The list of horses in the interim whose first-time-out timefigure was the highest of the season include the likes of Cracksman, Canford Cliffs, Toormore and Verbal Dexterity, so there’s a very good chance that Natalie’s Joy is every bit as good as she looked at Goodwood. She has faster ground to contend with here as well as an extra furlong – though with the race being restricted to the progeny of stallions that won over nine and a half furlongs or more that shouldn’t be a problem – and, though there are a number of promising types in opposition one of them will have to be very special to upset Natalies’s Joy if she turns up in the same form as at Goodwood. She is the banker of the week from a timefigure perspective.

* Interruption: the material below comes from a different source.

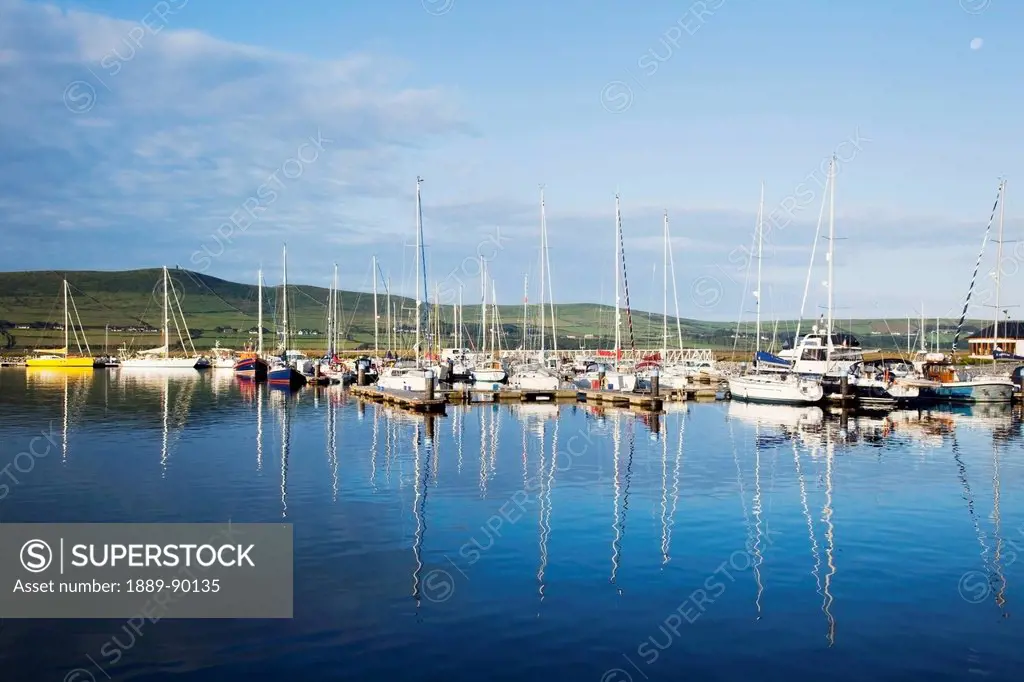 Boats and their reflection in the tranquil water of dingle harbour;Dingle county kerry ireland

Crystal Ocean and Harry Angel make little appeal from a betting perspective in the Hardwicke and Diamond Jubilee, respectively, for all they are top on time, not least the latter who has been beaten at 7-2 or shorter in each of his four visits to Ascot, while Queen of Bermuda has a hard-to-gauge Wesley Ward rival already proven on turf standing in her way in the Windsor Castle.
The aforementioned Harry Angel won the Group 2 Duke Of York Stakes at the Dante meeting on the same card that George Bowen won the handicap over the same distance in an even faster time and Richard Fahey’s handicapper looks the forgotten horse in the Wokingham. Sure, he was carrying less weight than Harry Angel and has nearly 30 rivals up against him, including the unbeaten Dreamfield who still holds an entry in the July Cup, but very few sprint handicaps are won by six lengths on fast ground at York and a race-leading timefigure of 113 for that performance could arguably have been higher. His subsequent defeat under a penalty in a small-field on softer ground at Goodwood might have persuaded some that his York win was a false dawn, but he was a thriving three-year-old in 2015 when second in the Ayr Silver Cup and this fast-ground cavalry charge will bring out the best in him.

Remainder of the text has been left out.